Study material –
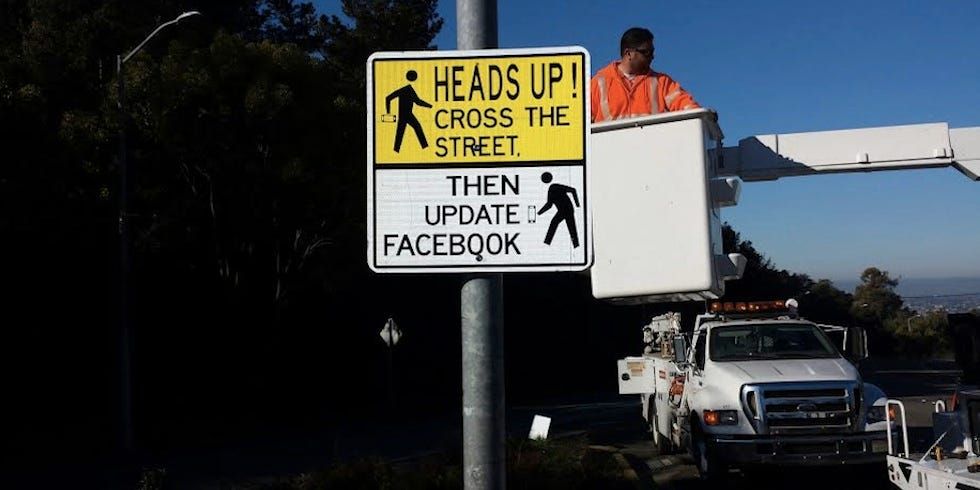 Oh Snap! Hayward Wins with the Sassiest Street Signs in America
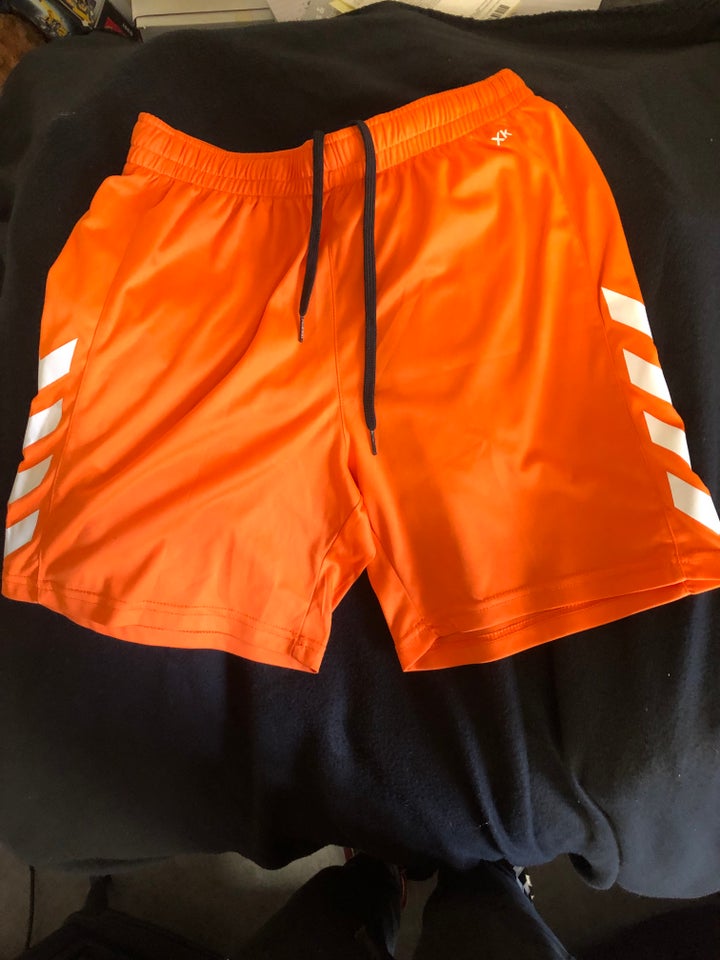 Shorts, korte grønne shorts,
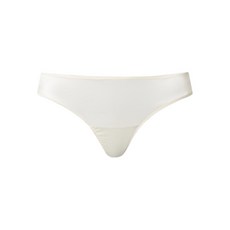 트윈셋 새틴 G스트링 팬츠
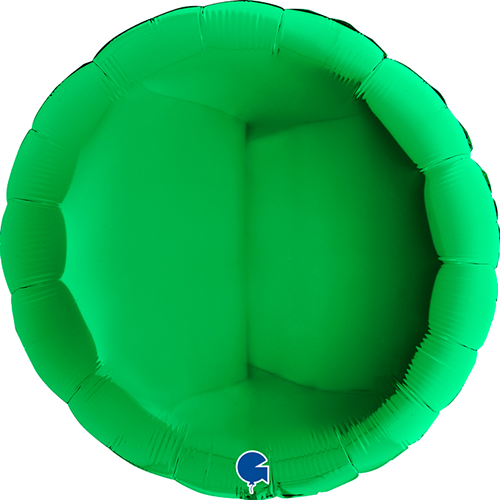 [G36120GR] Rond Vert 36" Vrac - Grabo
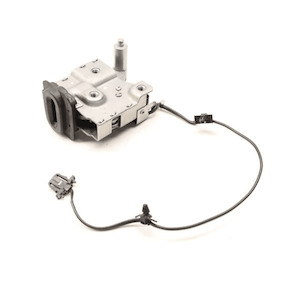 Audi A4 Convertible Top Latch – 8H0825396BGE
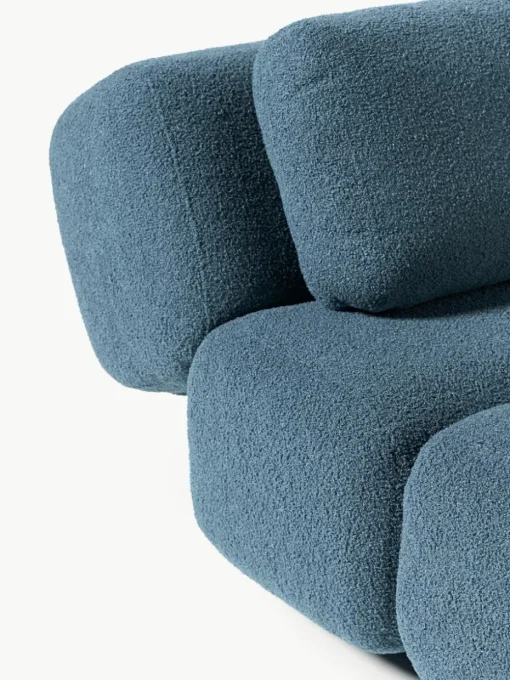 Teddy fauteuil Caterpillar
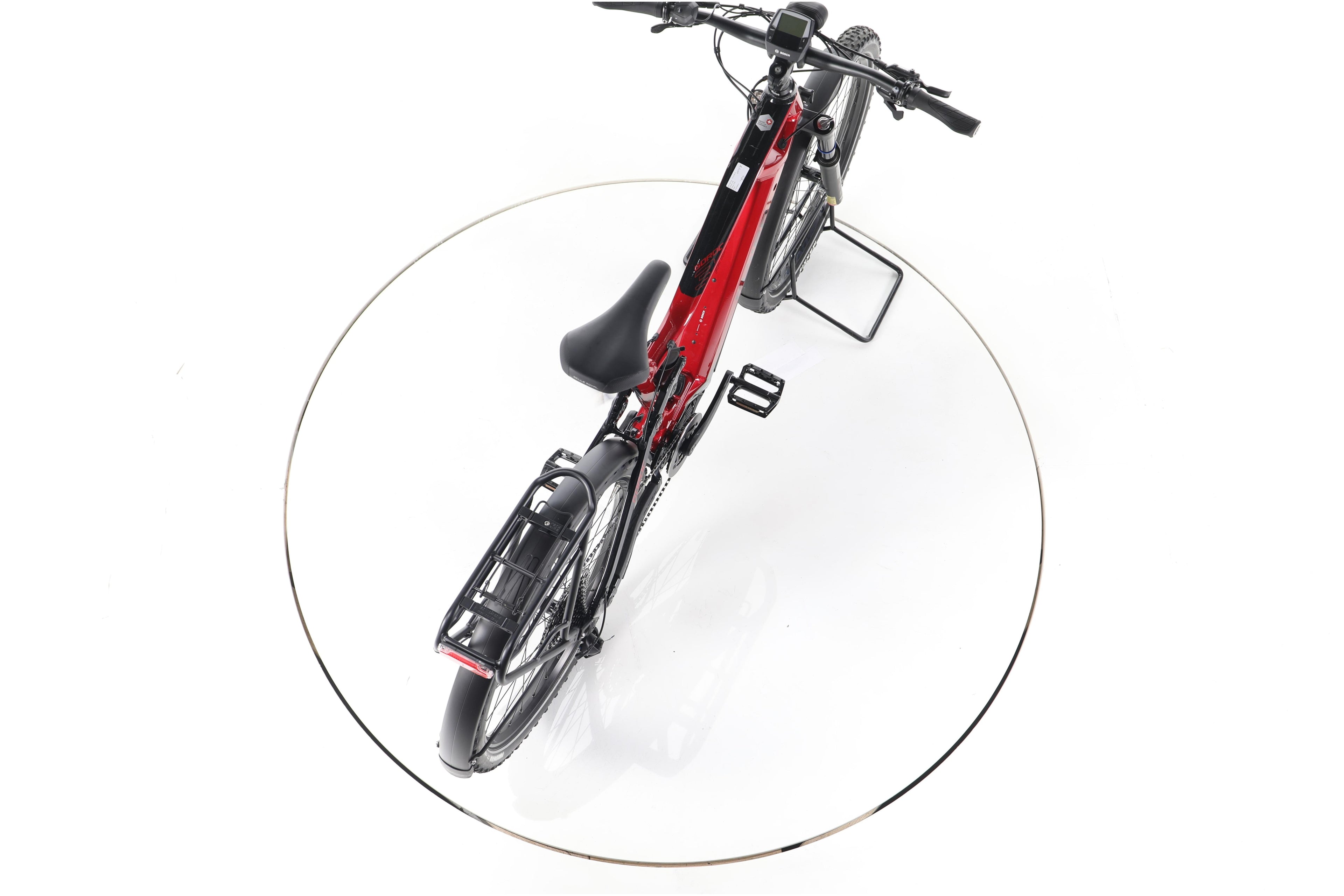 FLYER Goroc3 6.50 SUV E-Bike - Image 23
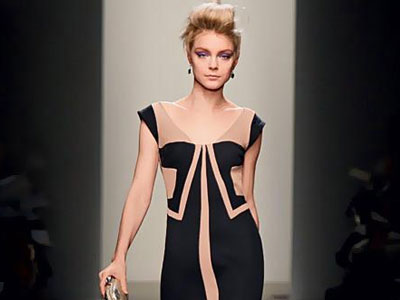 Nude look: το must-have του καλοκαιριού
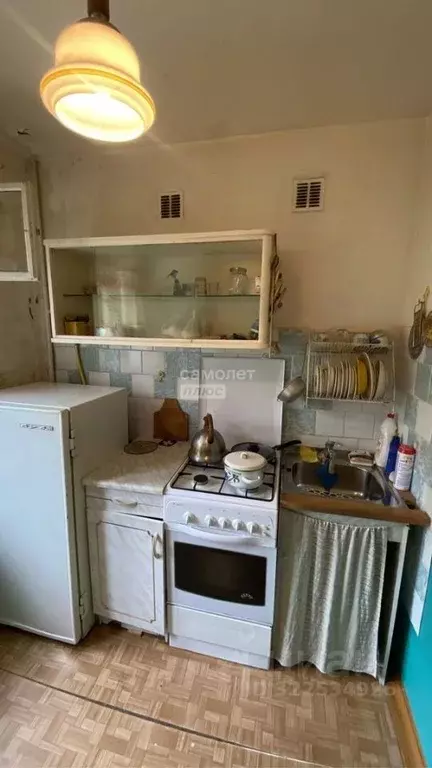 3-к кв. Архангельская область, Коряжма ул. Лермонтова, 16 (58.1 м) - Фото 1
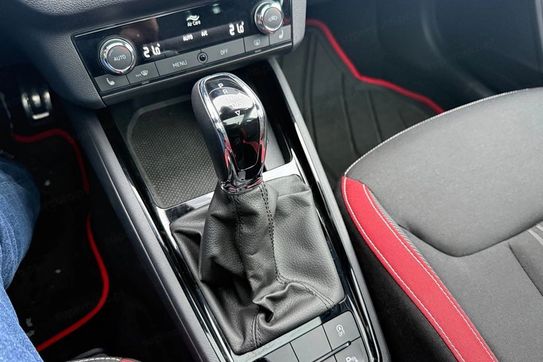 Skoda Kamiq 1.5 TSI Monte Carlo DSG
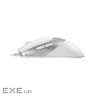 Мишка A4Tech FM50 Plus USB White (4711421002738)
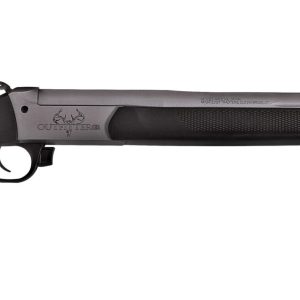 Traditions Outfitter G3 .44 Mag 22-inch Break-Action Rifle - Single Shot Rifles | Montana Gun Shop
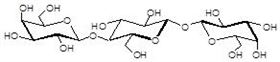 半乳糖-乳糖 Galactosyl-lactose 半乳糖-乳糖 Galactosyl-lactose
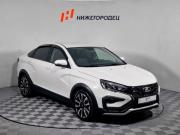 Lada (ВАЗ) Vesta I Рестайлинг (NG) Нижний Новгород  - изображение 24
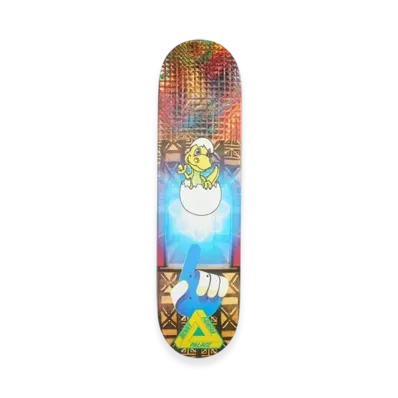 PALACE Fairfax Pro S16 8.06 "Multi"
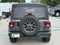 2025 Jeep Wrangler 4-Door Summit 4x4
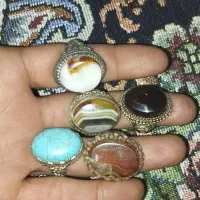 انگشتر مردانه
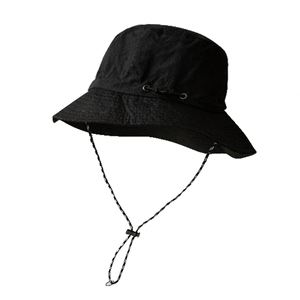 Wholesale Custom Logo Breathable Boonie Fisherman <b>Hat</b> Unique Sun Protection Wide Brim Bucket <b>Hat</b> <b>for</b> Summer Outdoor Fishing - Product Image 3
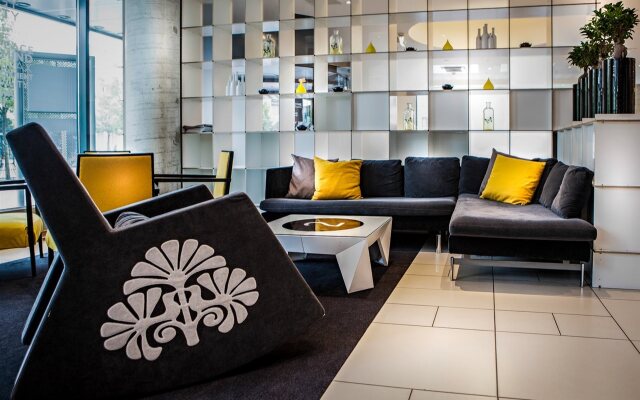 Novotel Vilnius Centre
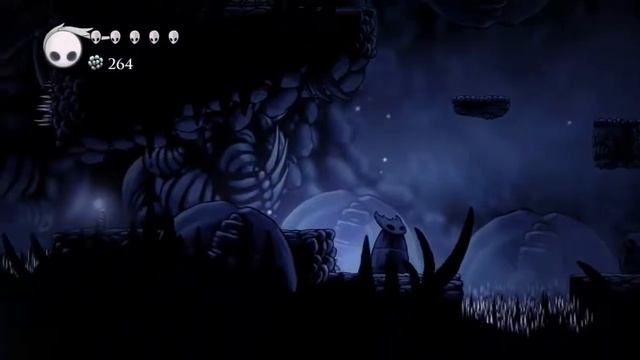 Hollow Knight | Hi, Sly - Part 5 - Play with Dave смотреть онлайн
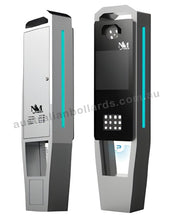 Load image into Gallery viewer, Licence Plate Recognition System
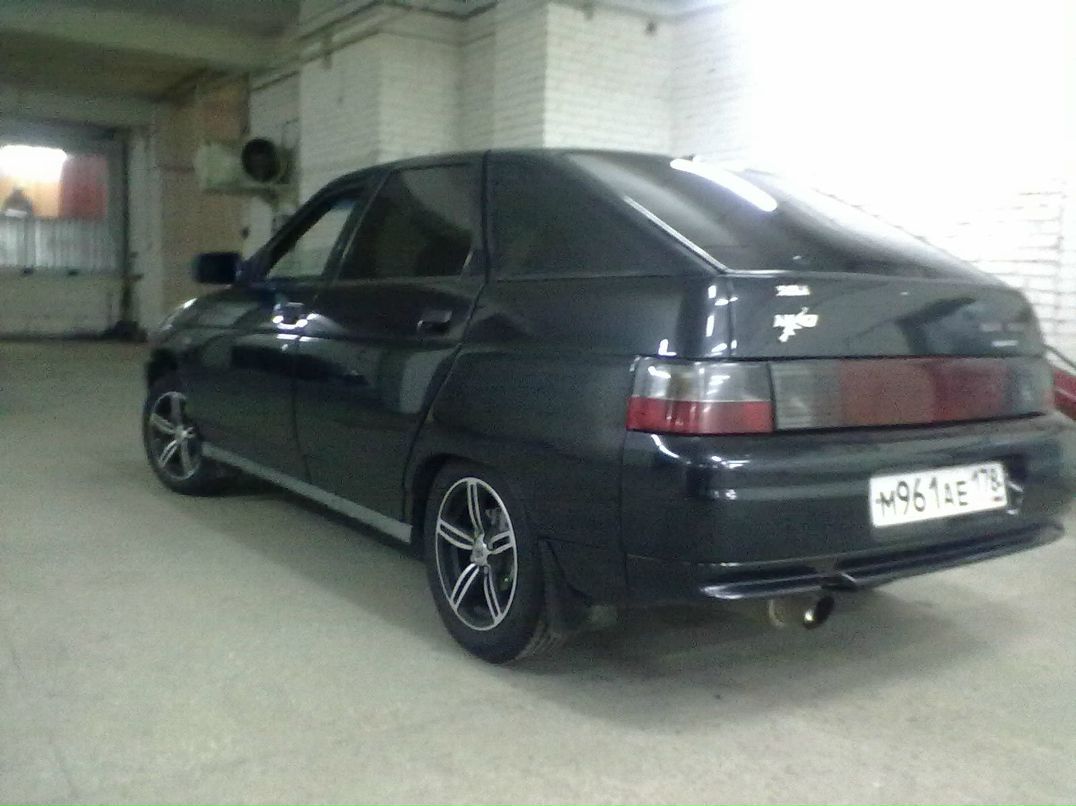 Жека Беляков | Санкт-Петербург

What to do –
The answer must consist solely of the lines from the one with "انگشتر مردانه" through the final line of the data, each reproduced exactly and with pictures omitted.

Answer box –
 انگشتر مردانه
 Wholesale Custom Logo Breathable Boonie Fisherman <b>Hat</b> Unique Sun Protection Wide Brim Bucket <b>Hat</b> <b>for</b> Summer Outdoor Fishing - Product Image 3
 Novotel Vilnius Centre
 Hollow Knight | Hi, Sly - Part 5 - Play with Dave смотреть онлайн
 Load image into Gallery viewer, Licence Plate Recognition System
 Жека Беляков | Санкт-Петербург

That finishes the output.